Regional Distribution of Sonic Hedgehog, Patched, and Smoothened mRNA in the Adult Rat Brain
Article first published online: 14 NOV 2002
Journal of Neurochemistry
Volume 70, Issue 3, pages 1327–1330, March 1998
How to Cite
Traiffort, E., Charytoniuk, D. A., Faure, H. and Ruat, M. (1998), Regional Distribution of Sonic Hedgehog, Patched, and Smoothened mRNA in the Adult Rat Brain. Journal of Neurochemistry, 70: 1327–1330. doi: 10.1046/j.1471-4159.1998.70031327.x
- Issue published online: 14 NOV 2002
- Article first published online: 14 NOV 2002
- Received November 26, 1997; accepted December 12, 1997.
- In situ hybridization;
- Purkinje cell;
- Tumor suppressor gene
Abstract: In vertebrates, Sonic Hedgehog (Shh), Desert Hedgehog (Dhh), and Indian Hedgehog (Ihh) genes encode a family of morphogen proteins that are implicated in a wide range of signaling activities, particularly during embryonic development.
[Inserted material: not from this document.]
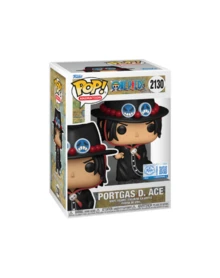 Funko POP! Animation Vinyl Figure, One Piece Portgas D. Ace No. 2130, Chibi Collectible With Black Hat Red Beads And Blue Emblems, Cloak Outfit, Window Box Display, Gift - 1PC - View 4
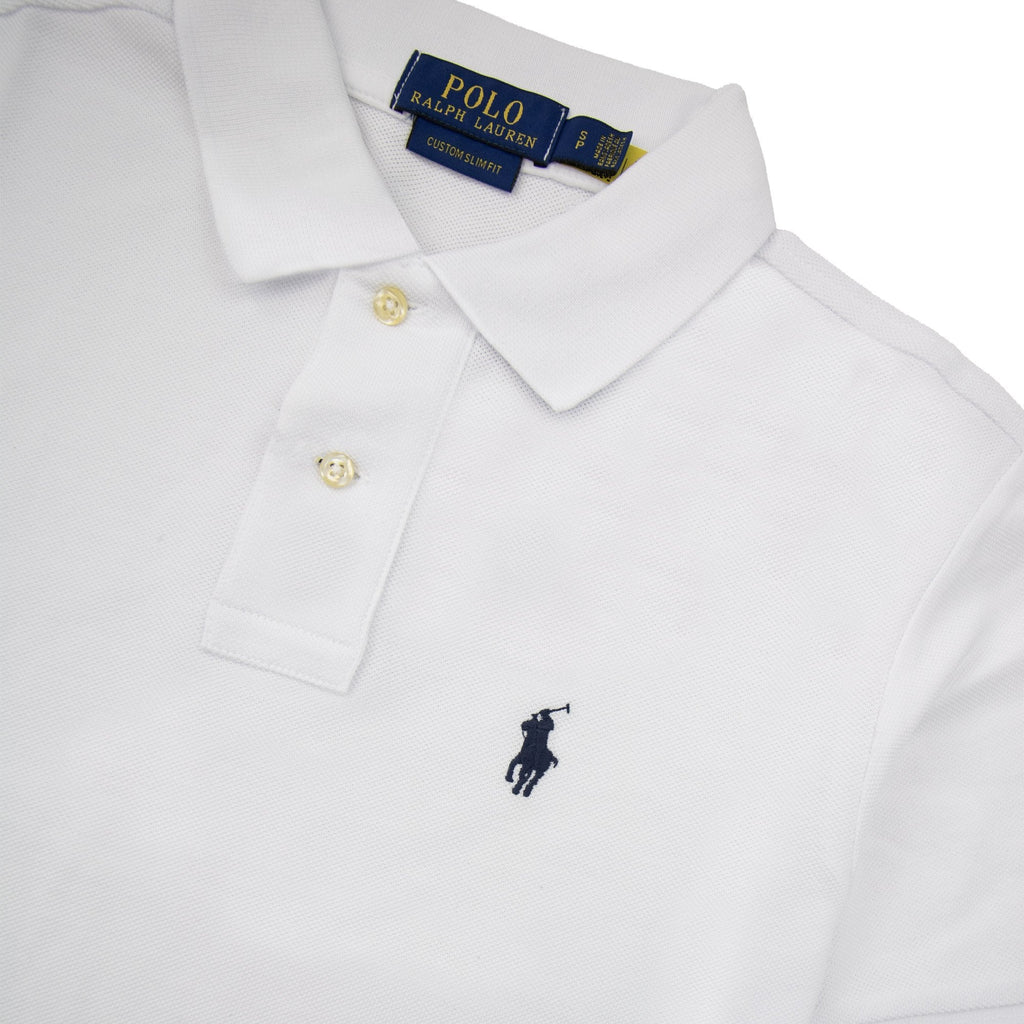 Polo Ralph Lauren Custom Slim Fit Polo White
These secreted proteins are proposed to mediate their effects on target cells by interacting with their putative receptor, Patched (Ptc), and with a seven-pass transmembrane protein, Smoothened (Smo). However, the roles that these signaling molecules may play in adult tissues, particularly in brain, are not yet clearly defined. Therefore, we investigated the expression of these genes in adult rat tissues. Northern blot analysis revealed expression of Shh, Dhh, and Ihh genes in peripheral tissues, whereas Shh transcript was also identified in brain. It is interesting that northern blot analysis with probes derived from the mouse Ptc and Smo genes revealed the expression of a 7.9-kb and a 3.7-kb transcript, respectively, in all brain tissues examined. In situ hybridization experiments using specific digoxigenin-labeled riboprobes showed expression of Ptc and Smo transcripts in discrete brain areas. Shh-positive cells were observed in restricted regions of the brain. Within the cerebellum, Shh, Ptc, and Smo transcripts were colocalized in the Purkinje cell layer. These data suggest that, besides its roles in determining cell fate and patterning during embryogenesis, the hedgehog signaling pathway may have also important roles in the adult brain.